Use a clay bar on them then re-wax, should come right off


----------



## bybeejoshua (Jul 3, 2013)

i know that lemon juice gets water spots off things in the bathroom, i was actually wondering if it worked the same on car paint. I was just thinking about this last night. I just cut it in half and rub the exposed lemon meat on the metal and it works


----------



## lukeurip (Jun 24, 2012)

Clay bar or a good cleaner wax should work on the paint and for the glass "0000" steel wool and Bon-ami.


----------



## evo77 (Sep 5, 2011)




----------



## goinovr (May 6, 2013)

Thanks all. Waiting for the sun to go down a bit so I can get on it.


----------



## Starks8 (Jul 20, 2011)

How did it go? Did you get the water spots out? What product and/or process did you use? I agree with the others who said clay barring should help along with a good 2 bucket wash with some warm water. 

Some products to look into for water spot problems are: *Chemical Guy's Go Green Waterless Car Detailing System product.* Chemical Guys WAC_107_16 - Go Green Waterless Car Detailing System (16 oz) , Removing Water Spots - Go Green Waterless Car Detailing System Chemical Guys - YouTube, *chemical guys water spot *remover Chemical Guys Water Spot Remover, glass polish, metal polish, mineral spot remover and *Duragloss Water Spot Remover *Duragloss Water Spot Remover (WSR) #505


----------



## dfwcowboy (May 11, 2013)

Here's what you have to understand about water spots. When the water evaporates, it leaves behind the minerals which were present in the water. Given time, these minerals can actually etch their way into your clear coat. So even if you remove the minerals, the etching will still be there. This is one reason why it's important to maintain a coat of wax on your car at all times.

The best solution for stubborn water spots is to polish the car. Most consumer grade polishes won't completely remove water spot etching, but will polish the microscopic rough edges so you either don't notice them or they are greatly diminished. More aggressive polishes can remove them by polishing them out entirely.

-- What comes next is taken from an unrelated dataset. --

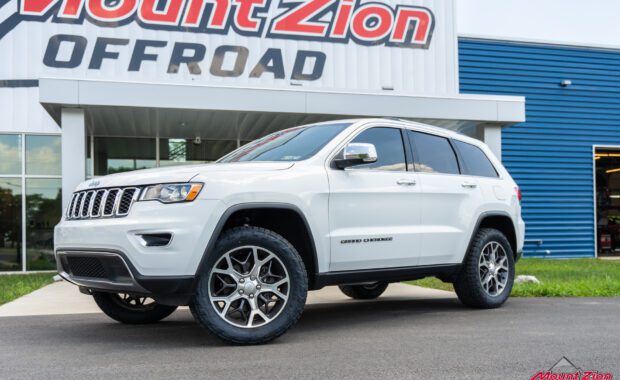 white Jeep grand cherokee with Nitto Recon grappler A/T by mount zion offroad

The polish I use is Klasse All-in-One. I've found this to be the best consumer grade polish on the market. Not only will it polish just about all water spots away, it will also remove very stubborn road grime which has embedded into the clear coat. It also applies an acrylic wax which lasts longer than most polishes on the market. The down side is it's a big harder to apply than most consumer products in that it's a bit harder to remove once it's dried to a haze. After getting most of it off with a dry cloth, I follow up with a towel moistened with a bit of quick detailer. However, one advantage is it doesn't leave a white haze on plastic parts that is hard to get off as is the case with many all-in-one products.


----------



## bri2001 (Jul 9, 2013)

The first time I washed my show car 2001 Camaro SS at our new house which was on well water, it waterspotted something terrible. Nothing I had did any good; Clay bar, wax, even polishing compound didn't remove it at all! I freaked out and thought I ruined my baby! I found online to mix 50% Distilled white vinegar and 50% bottled water and it worked great! Removed the water spots about 95%, a little polishing and they were completely gone.
Here's an after pic of my baby waterspot free


----------



## goinovr (May 6, 2013)

I didn't have a clay bar so I ended up using a vinegar mixture a friend of mine told me about. It worked pretty well. The previous owner of the car used some serious paste wax on it and I had the dealer completely detail the car with their pro guy and I have been washing the car with a wax based soap. I was actually surprised how easily came off. I also used it to remove a surface mark in the fender I found. I washed the car completely then went to work on the spots. After I got them out I put a couple coats of turtle paste on.


----------



## Starks8 (Jul 20, 2011)

cool, glad you found something that worked for you. Got any result pics?


----------